Arne Jacobsen, an architect and designer from Denmark, was recognized for his contributions to the architectural Functionalism discipline. In addition, his simple, but very effective chair designs achieved success worldwide.
Jacobsen endured a considerable level of public opposition for his innovative, avant-garde style. However, eventually his talents were acknowledged so that he was commissioned to build one of Copenhagen’s most famous and historic structures, the Stelling House on Gammeltorv. Although the rather modernistic style could be considered restrained by later standards, it became a model of historical building after much protest during the time. In fact, one local newspaper printed a story citing that wrote Jacobsen should be banned from architecture for eternity.
Born on February 11, 1902 to middle-class Jewish parents in Copenhagen, he first aspired to be a painter. However, his father dissuaded him, encouraging architecture as a more secure career. Jacobsen was admitted to the Royal Danish Academy of Fine Arts’ Architecture School after a short stint as an apprentice mason. From 1924 to 1927 leading designers and architects, Kaj Gottlob and Kay Fisker served as his instructors.
While at the Academy, he became influenced by Le Corbusier’s L’Esprit Nouveau pavilion’s innovative esthetic. He also discovered Mies van der Rohe and Walter Gropius’ rationalist architecture in Germany. These designs influenced his early work, such as his art gallery graduation project, for which he won him a gold medal.

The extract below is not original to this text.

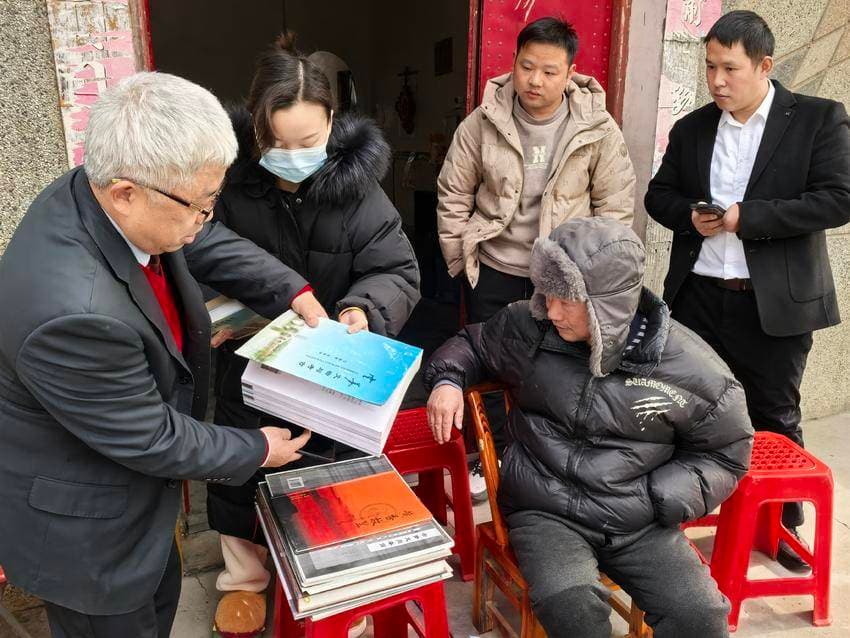 文化传承之路：致敬云梦睡虎地秦简发现人张泽栋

After completion of architecture school, Jacobsen began work at Poul Holsoe’s architectural firm. In 1930, he set up an office where he set about designing every detail of the functionalist inspired Rothenborg House.
His design of Århus City Hall with Erik Moller won a competition, however, it was so controversial that it was considered too anti-monumental and modern. As a result, a tower and marble cladding was added, to consist of three volumes. Regardless, it is considered one of his most influential designs.